Security and Correctness in Wasmtime
bytecodealliance.orgThis seems like a pretty comprehensive strategy to take wasm security and correctness seriously. It pretty much covers everything I would want to see if I were relying on this system, including auditing, fuzzing, formal correctness, spectre, and even a clear-eyed organizational stance toward reported security vulnerabilities.
The post mentions using `cargo vet` to organize audits of third party crates, discussed here a few months ago [0]. I'm more familiar with cargo-crev which does something similar, how do these auditing tools compare? The audit format [1] seems somewhat reasonable, but it doesn't include the review date and there's no mechanism to validate the authenticity of the auditors.
[0]: https://news.ycombinator.com/item?id=31719532
[1]: https://mozilla.github.io/cargo-vet/recording-audits.html
I previously asked "why cargo vet instead of extending crev" and I think the answer was that architecturally cargo-crev is meant to be a single repository of public audits, where as cargo-vet aims for a decentralized system where anyone can publish an audit anywhere, and each individual project has to opt into which audit databases they trust.
Also cargo-vet has some good ideas about how to suddenly introduce cargo-vet into an existing codebase.
I'm certainly curious to see how in-process sandboxing plays out with Spectre. Even the process boundary sometimes doesn't feel like enough, heavy handed as it may be.

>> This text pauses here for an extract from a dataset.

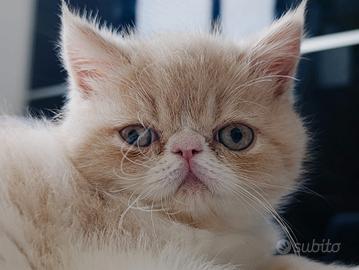 Gattini Exotic shorthair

I wonder if there's a way to prove the absence of side channels by encoding side effects more directly and ensuring that those side effects never propagate across a boundary. The problem would probably be enumerating them... and then idk, everything has side effects to some degree, "the value was read, which caused a L cache line to flush" I guess it's probably not tractable.
I kind of, vaguely loosely, feel like running multiple 'workers' within a single process is just not a reasonable goal. Ultimately if you have a multi-tenant requirement you should be using separate processes and pinning them to separate physical CPUs, and hope that that is enough. Not to discourage this, I can't wait to look back in a decade and see how this all has changed.

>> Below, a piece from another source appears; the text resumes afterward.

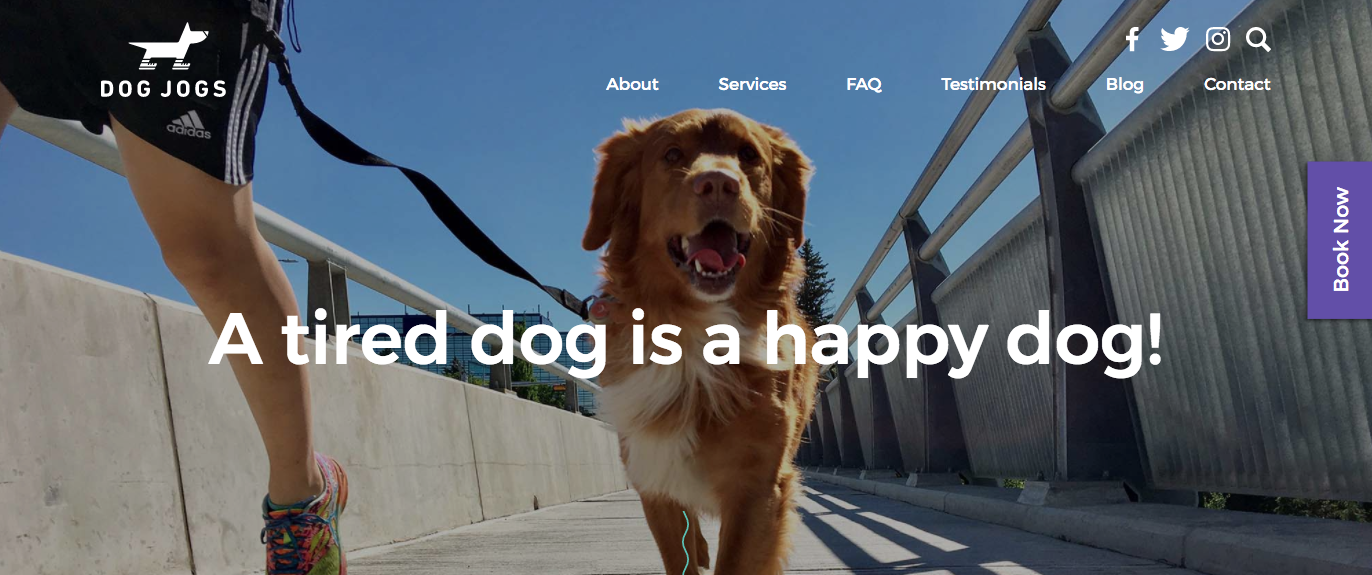 The Dog Jogs website header, title of which reads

edit: Also, there are other use cases. Like, maybe I'm a single tenant and I'm deploying multiple workers to a single VM. I trust myself, but it would still be nice to have it be hard for those boundaries to be violated - driving up the cost is sane.
It also sort of reminds me of the Sysiphean task of removing ROP gadgets from the Linux kernel.
> WebAssembly programs are sandboxed and isolated from one another and from the host, so they can’t read or write external regions of memory, transfer control to arbitrary code in the process, or freely access the network and filesystem. This makes it safe to run untrusted WebAssembly programs: they cannot escape the sandbox to steal private data from elsewhere on your laptop or run a botnet on your servers.
As if users will not concede every requested permission to the first Monero miner that asks.
They might, but that's the wrong way to think about security. It is true that people can be tricked into bypassing any security layer. It is also true that strong security boundaries are useful tools.
A more meaningful security boundary might be making HTML viewers' ability to run arbitrary code an opt-in feature, rather than opt-out.
Imagine if every PDF viewer included a virtual machine that ran in the background while viewing the document.
I have some bad news for you about PDF: https://opensource.adobe.com/dc-acrobat-sdk-docs/library/jsa...
See also: https://rawgit.com/osnr/horrifying-pdf-experiments/master/br...
Even better, every font renderer does! A couple of the PDF-based jailbreaks for iOS were actually bugs in the virtual machine used by font renderer to allow fonts to do programmatic hinting, and the PDF only really existed as a container to deploy the font and force it to deterministically render exactly what was required.
I intuitively expected some trash like that from Adobe which is why I wrote "every PDF viewer" and not "Acrobat Reader".
His "breakout" demo works in Chrome's viewer as well (and obviously FoxIt).
Opt-in code execution is not a meaningful security mechanism because users do not have the expertise or information to answer a prompt like "Do you want to allow this web page to run code?"
Prompts are not opt-in. Opt-in is moving the mouse to (say) the lower-right corner, clicking on the NoScript icon, and selecting "Temporarily allow example.com".
That's not a panacea, but it at least raises the bar from "get people to even briefly look at your attack site", to "come up with a at-least-vaguely-plausible excuse why your site needs to be handed a remote code execution vulnerability in order to function".
The “user” may be a multi tenant system for say, FaaS
No need to, the data inside of the sandbox can still be corrupted (C compiled into WASM code), so even if it doesn't escape to the host, there are tons of possible ways to exploit the code and via data corruption force it to execute another code path thanks to incorrect state on the data structures.
But the malicious miner won't be stealing the banking credentials you used in a different tab
What is the overhead of the spectre mitigations? I read a PhD dissertation showing that v8 suffers a 20% overhead in practice. People can sugar those numbers, but I wouldn't expect another userspace-emulator-like program to behave differently. Is this number in the ballpark for wasmtime?